What literary work – novel or poetry – do you think would fit the sound descriptions? Can you give us a title and a reason?
Recently I’ve been reading a lot of Joan Didion books and I feel that our (that is Marcin’s and mine as well) brains function similarly to hers. They are analytical, observant, and sensible but still full of sensitivity and emotion. At least that’s how I look at her as a writer and I feel all of these above are crucial in making Oxford Drama music. She’s been a huge inspiration recently.
We’ve never really had a tour outside of Poland and would love to change that.
Does the conception come first or does the song evolve naturally – do you have a clear idea of what it will be before you start to make it?
What I like about the energy between Marcin and me is that ideas come differently to each of us. Maybe because the vocal is my leading instrument, it comes first but always with words, and only then I find chords for it, while Marcin composes melodies and does arragnements on instruments, sometimes also with ideas for vocal melodies. But both of us always have the core emotion that leads the idea, so it takes the function of a guide that informs the other person what can be done with the demo.
When listeners make their way through your songs, what do you want to feel?
Especially with the latest record, we wanted to consciously make the listener feel that right now they’re entering a different world and can explore an album journey. Every song itself is a trip but also the whole tracklist was meticulously chosen to smoothly transit from one song to another. We often listen to whole albums, so I guess with this one, as this is also a concept album, we wanted to make a spaceship (as our friend once compared entering the world of a great album) that takes you on a journey and presents a range of emotions that gives you a great time but also maybe teaches you something? That’s at least how I see it and I’m happy that we got a lot of comments from our fans that the record really is a ride and they feel emotionally connected to it.
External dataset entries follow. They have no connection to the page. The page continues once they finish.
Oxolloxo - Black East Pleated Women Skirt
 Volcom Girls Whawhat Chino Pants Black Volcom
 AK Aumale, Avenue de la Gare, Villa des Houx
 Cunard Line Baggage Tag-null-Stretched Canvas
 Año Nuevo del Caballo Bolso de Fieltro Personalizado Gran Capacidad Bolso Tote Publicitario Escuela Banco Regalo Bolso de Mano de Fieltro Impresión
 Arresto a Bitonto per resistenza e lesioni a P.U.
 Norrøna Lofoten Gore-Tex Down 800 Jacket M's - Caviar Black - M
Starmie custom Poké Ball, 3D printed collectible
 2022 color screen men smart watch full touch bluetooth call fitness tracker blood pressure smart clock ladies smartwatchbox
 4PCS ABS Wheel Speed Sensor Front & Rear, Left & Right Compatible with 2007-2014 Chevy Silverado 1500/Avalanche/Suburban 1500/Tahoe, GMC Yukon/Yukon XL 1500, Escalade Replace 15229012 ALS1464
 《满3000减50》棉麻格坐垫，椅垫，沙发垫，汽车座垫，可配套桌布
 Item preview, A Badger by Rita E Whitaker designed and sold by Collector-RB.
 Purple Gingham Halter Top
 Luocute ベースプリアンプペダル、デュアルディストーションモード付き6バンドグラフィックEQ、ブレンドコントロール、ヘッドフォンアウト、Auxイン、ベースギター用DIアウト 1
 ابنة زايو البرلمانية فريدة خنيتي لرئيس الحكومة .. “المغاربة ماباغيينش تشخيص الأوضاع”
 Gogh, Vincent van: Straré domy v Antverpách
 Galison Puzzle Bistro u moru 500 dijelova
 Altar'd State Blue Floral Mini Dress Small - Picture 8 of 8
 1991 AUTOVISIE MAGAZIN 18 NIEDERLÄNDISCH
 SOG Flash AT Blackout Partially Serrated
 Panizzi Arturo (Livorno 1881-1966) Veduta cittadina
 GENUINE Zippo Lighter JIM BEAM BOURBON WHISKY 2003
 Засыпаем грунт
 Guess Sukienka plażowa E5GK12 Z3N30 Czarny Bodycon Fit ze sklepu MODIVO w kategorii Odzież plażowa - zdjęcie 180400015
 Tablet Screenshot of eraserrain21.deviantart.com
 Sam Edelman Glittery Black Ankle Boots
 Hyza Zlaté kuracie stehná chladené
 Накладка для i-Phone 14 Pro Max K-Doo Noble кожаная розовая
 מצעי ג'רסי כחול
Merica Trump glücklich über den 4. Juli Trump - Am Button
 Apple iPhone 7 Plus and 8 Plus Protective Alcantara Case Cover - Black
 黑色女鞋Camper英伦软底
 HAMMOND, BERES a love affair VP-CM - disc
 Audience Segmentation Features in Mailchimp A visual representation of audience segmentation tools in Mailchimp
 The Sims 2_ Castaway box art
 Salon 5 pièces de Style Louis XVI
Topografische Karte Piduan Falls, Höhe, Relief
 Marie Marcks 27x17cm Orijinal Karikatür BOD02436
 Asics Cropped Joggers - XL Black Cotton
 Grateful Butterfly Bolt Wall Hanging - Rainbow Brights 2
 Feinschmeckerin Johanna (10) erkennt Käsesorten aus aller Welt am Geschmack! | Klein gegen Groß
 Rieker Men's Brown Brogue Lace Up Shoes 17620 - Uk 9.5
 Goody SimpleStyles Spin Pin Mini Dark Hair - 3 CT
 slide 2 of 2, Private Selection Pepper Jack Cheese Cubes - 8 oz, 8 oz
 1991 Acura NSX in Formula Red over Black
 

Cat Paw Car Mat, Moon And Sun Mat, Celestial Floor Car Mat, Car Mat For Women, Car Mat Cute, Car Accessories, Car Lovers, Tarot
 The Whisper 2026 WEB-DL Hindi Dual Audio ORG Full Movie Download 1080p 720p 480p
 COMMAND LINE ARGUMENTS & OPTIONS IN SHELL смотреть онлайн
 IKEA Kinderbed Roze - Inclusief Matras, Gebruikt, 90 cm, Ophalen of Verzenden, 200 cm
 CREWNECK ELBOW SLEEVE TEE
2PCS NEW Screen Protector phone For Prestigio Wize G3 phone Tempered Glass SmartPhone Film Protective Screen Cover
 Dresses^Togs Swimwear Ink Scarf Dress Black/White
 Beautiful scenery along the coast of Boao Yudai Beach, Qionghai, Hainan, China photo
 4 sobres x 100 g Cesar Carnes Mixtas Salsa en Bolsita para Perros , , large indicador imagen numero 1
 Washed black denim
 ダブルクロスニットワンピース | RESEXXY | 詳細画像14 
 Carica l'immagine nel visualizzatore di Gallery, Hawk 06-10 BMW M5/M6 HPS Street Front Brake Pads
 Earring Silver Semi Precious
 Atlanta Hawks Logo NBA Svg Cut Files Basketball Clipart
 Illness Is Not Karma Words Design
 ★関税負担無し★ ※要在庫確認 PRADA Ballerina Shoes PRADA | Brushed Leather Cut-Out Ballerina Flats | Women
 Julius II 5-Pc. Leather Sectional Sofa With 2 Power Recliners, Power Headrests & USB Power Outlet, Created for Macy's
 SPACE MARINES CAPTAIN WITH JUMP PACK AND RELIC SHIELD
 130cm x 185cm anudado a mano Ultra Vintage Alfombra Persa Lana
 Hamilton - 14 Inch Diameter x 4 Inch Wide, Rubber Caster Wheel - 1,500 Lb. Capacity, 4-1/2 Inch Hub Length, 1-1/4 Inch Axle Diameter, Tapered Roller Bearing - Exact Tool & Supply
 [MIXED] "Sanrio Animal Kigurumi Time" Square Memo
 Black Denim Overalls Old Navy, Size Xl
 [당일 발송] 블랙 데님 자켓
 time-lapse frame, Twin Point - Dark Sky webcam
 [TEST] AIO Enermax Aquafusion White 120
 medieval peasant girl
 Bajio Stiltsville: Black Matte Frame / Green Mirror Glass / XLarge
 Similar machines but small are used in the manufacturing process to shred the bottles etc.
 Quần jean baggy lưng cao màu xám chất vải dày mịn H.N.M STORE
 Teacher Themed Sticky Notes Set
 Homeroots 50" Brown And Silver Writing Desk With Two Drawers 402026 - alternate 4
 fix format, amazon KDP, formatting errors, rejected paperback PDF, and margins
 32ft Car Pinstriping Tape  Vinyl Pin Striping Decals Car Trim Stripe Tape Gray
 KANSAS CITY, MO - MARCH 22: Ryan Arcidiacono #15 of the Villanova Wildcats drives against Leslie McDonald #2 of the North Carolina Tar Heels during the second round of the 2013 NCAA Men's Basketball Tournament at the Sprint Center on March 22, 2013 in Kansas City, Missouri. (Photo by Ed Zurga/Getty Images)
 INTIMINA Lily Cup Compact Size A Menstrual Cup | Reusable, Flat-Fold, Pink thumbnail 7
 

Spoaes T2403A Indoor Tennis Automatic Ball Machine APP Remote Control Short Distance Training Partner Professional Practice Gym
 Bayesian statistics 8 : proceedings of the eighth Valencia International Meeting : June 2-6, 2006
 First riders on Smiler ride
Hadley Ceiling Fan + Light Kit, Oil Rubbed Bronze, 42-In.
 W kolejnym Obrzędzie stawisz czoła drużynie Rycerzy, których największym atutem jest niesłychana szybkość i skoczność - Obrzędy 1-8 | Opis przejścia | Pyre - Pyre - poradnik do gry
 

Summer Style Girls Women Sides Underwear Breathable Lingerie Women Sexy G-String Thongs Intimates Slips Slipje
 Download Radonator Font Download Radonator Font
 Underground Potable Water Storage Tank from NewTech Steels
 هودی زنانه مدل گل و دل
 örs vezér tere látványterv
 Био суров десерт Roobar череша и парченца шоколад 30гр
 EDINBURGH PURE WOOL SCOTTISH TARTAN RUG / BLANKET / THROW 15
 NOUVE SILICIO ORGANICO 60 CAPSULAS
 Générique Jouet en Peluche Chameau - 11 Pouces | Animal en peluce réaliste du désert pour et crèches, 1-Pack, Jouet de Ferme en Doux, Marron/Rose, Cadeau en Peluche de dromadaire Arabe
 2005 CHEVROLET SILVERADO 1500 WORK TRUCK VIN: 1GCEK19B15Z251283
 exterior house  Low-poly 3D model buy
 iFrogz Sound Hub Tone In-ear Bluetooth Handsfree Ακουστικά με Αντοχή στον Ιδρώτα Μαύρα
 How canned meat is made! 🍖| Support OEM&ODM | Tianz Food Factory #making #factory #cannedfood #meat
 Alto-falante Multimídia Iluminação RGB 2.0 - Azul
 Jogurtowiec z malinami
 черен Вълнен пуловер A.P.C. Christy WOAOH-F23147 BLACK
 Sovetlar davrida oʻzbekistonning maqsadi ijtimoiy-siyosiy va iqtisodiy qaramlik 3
What do you hope to do with your art in the future? I mean, do you have any special goals?
We just want to keep making art the way we want it, to have that artistic freedom. We feel that we’re only getting started. But we also can’t wait for shows to start as we have some concert plans as well. We’ve already played almost the whole album live and it felt amazing. Also, we’ve never really had a tour outside of Poland and would love to change that.